(Dataset entries Opens)

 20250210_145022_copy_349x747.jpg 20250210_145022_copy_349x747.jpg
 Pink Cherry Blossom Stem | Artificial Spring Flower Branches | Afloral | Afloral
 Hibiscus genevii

(Dataset entries Closes)
(Dataset entries Opens)

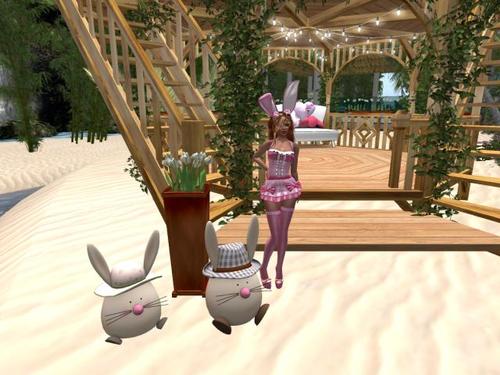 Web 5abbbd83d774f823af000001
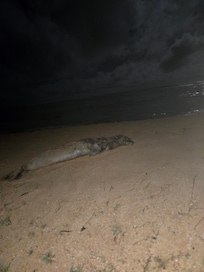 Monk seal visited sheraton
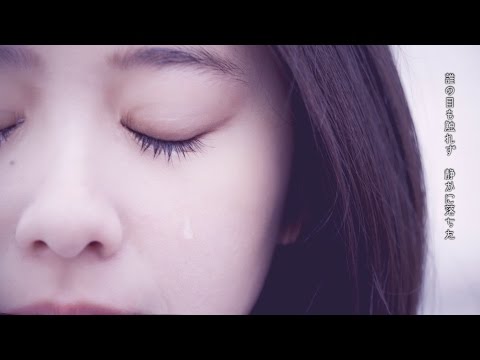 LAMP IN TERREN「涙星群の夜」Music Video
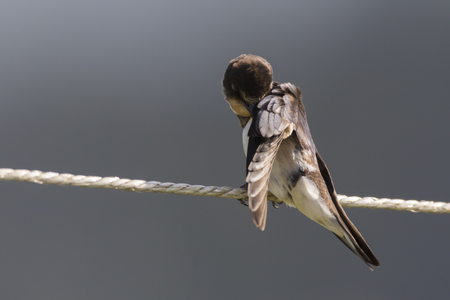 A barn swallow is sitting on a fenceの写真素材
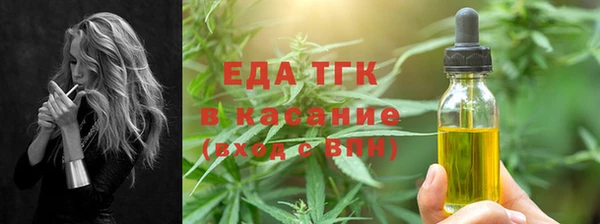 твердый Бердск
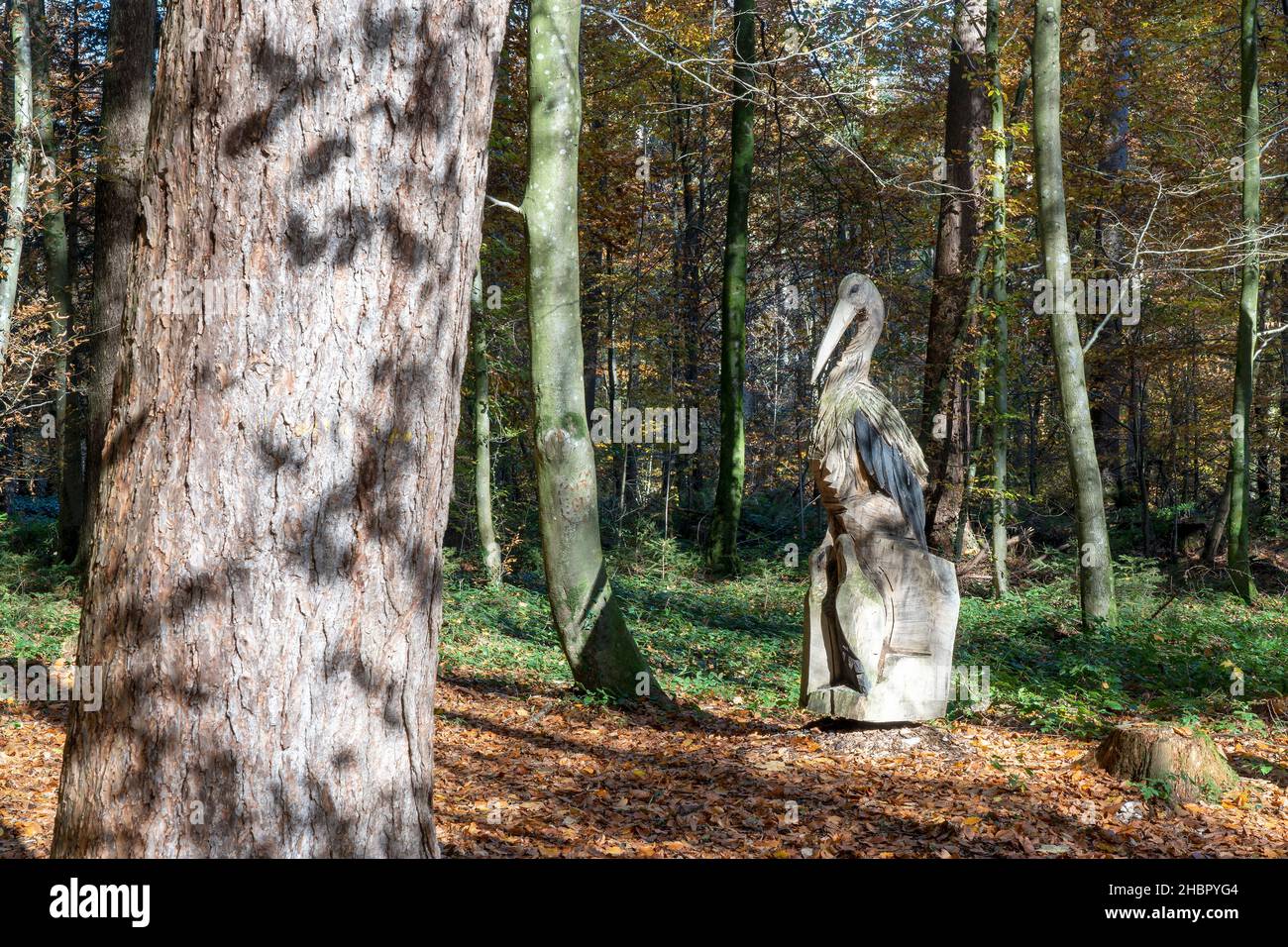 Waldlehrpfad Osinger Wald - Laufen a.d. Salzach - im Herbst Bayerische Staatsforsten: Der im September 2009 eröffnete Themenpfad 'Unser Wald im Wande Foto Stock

(Dataset entries Closes)

Problem to work on:
Which part of the entries opens with the line containing "Web 5abbbd83d774f823af000001" and closes with the line containing "Waldlehrpfad Osinger Wald"? Output that part exactly, ends included, pictures excluded.

Response area:
 Web 5abbbd83d774f823af000001
 Monk seal visited sheraton
 LAMP IN TERREN「涙星群の夜」Music Video
 A barn swallow is sitting on a fenceの写真素材
 твердый Бердск
 Waldlehrpfad Osinger Wald - Laufen a.d. Salzach - im Herbst Bayerische Staatsforsten: Der im September 2009 eröffnete Themenpfad 'Unser Wald im Wande Foto Stock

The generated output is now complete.